Основатель и ректор архитектурной школы МАРШ, архитектор Евгений Асс считает, что выбор героев для увековечения не должен происходить лишь по официальной разнарядке, а главный и абсолютно народный монумент в Москве — стена Цоя на Арбате.
История любого памятника начинается с выбора фигуры, которую предлагается увековечить. Почему Примаков, а не Громыко? Если речь идет об иностранных делах, почему не царские министры, и в чем вообще заключается высший смысл этого увековечивания? Ведь можно было бы поставить памятники практически всем умершим — и это было бы сильным жестом. В селекции, которая происходит, есть важный политический подтекст. За последнее время среди героев, увековеченных в столице, мы получили конструктора автоматического оружия Калашникова и князя Владимира, который никогда не бывал в Москве, а теперь некоего деятеля внешней политики, который, наверное, сыграл какую-то роль, но не могу сказать, что эта фигура столь же значимая, как, предположим, Гайдар. В столице памятник Ельцину есть только на Новодевичьем кладбище — и то не в качестве символического, метафорического изображения, а как надгробье.
При этом огромное количество генералов, маршалов и политических деятелей, похороненных у Кремлевской стены, не то что недостойны увековечивания, а, скорее, должны быть преданы народному суду, но тем не менее они стоят. В этом смысле это каждый раз какой-то политический выбор, и от него многое зависит.
Таким образом, первая проблема — это проблема выбора. Кто его делает, является ли этот выбор народным, а если нет — кто обладает этими полномочиями и контролирует этот институт. Поэтому народное беспокойство, с которым встречают появление памятника, связано с недоверием к самому факту: почему Калашников, почему князь Владимир, почему Примаков?
Мы ничего не слышали ни о каких общественных обсуждениях этого памятника, хотя само место, на котором он установлен, давно ждало своего часа. Я помню, что еще в пятидесятые годы мой отец участвовал в конкурсе на важный монумент трехсотлетия воссоединения Украины с Россией: дальше мост ведет к Киевскому вокзалу, и памятник мог символизировать начало нашей вечной (но несостоявшейся на данный момент) дружбы. Памятник так и не установили.
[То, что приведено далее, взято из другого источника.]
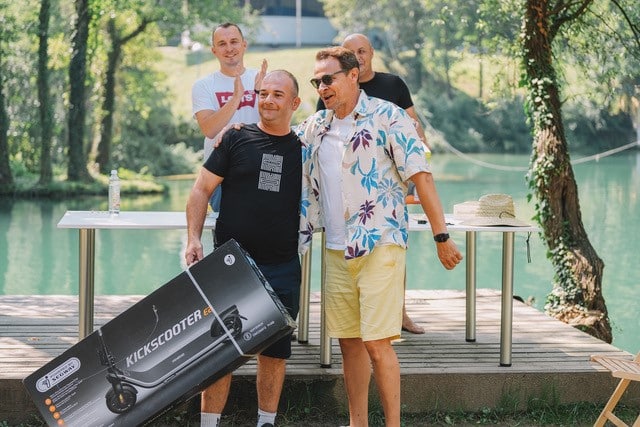 Najezda Flamingosa U Jajcu najezda flamingosa u jajcu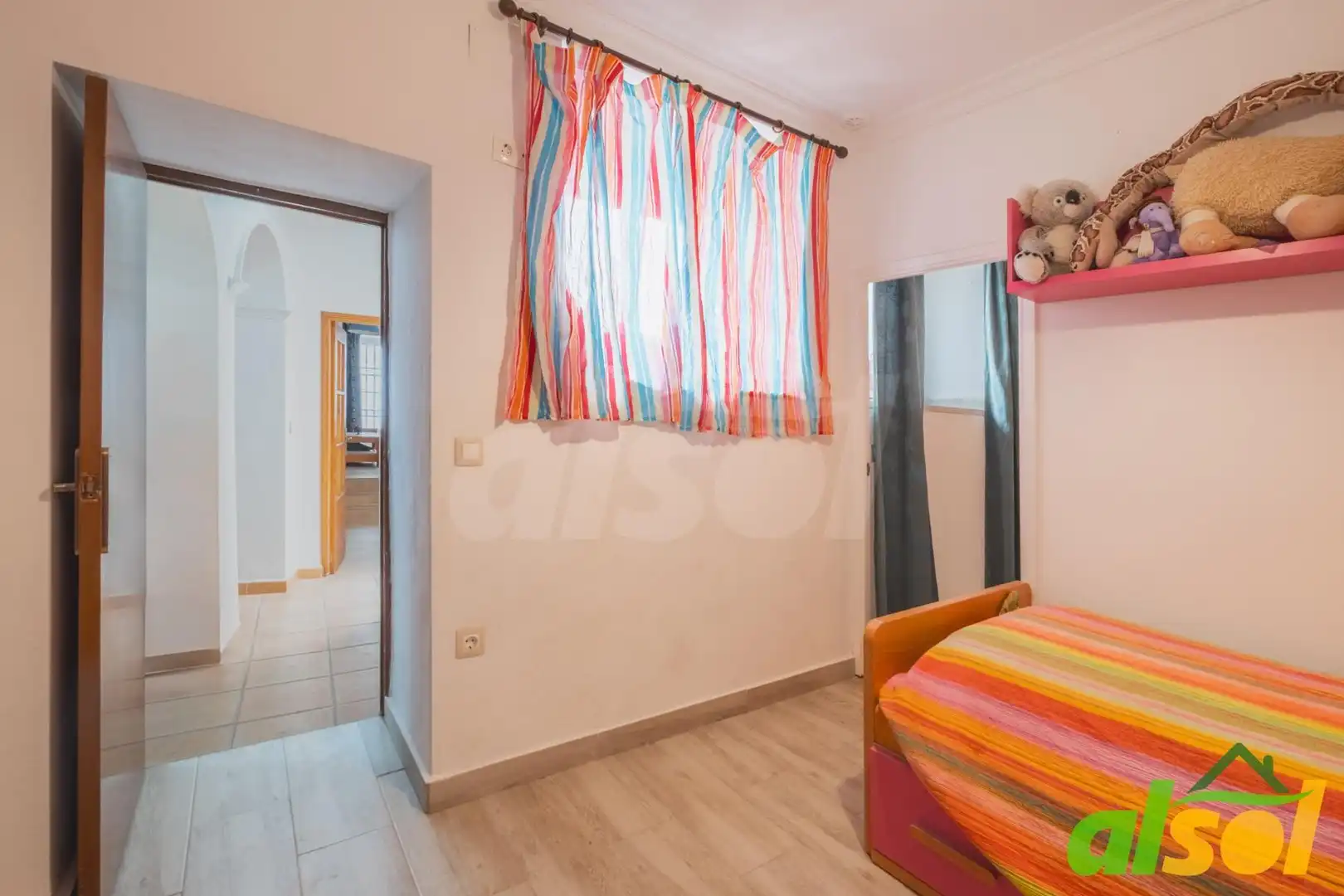 Dormitori de Casa adosada en venda en El Puerto de Santa María amb Traster i Balcó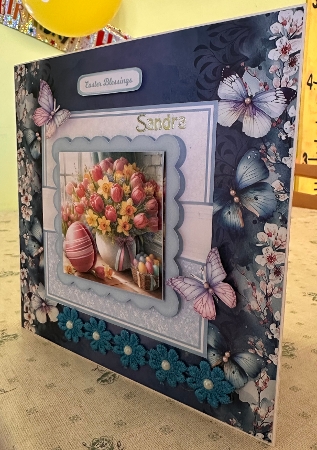EASTER BOUQUET by Suzanne Kavanagh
Второй и третий вопрос — это градостроительное решение и художественное решение. Есть много памятников вообще непонятно кому, но они очень милые и вполне уместные в конкретной городской среде. В Светлогорске я жил в гостинице, рядом с которой был старый немецкий памятник какому-то бородатому дядьке, а после того, как советские войска заняли Светлогорск, решили, что это будет доктор Павлов — так он и остался памятником академику Павлову. Я, помню, и сам предлагал, когда снимали памятник Дзержинскому, что достаточно под Дзержинским написать «Чернышевский» и оставить его на месте. Никто не помнит, как выглядит Дзержинский и чем он отличается от Чернышевского. А с точки зрения архитектурного решения Дзержинский стоял очень хорошо — крепкая доминанта, ренессансного уровня.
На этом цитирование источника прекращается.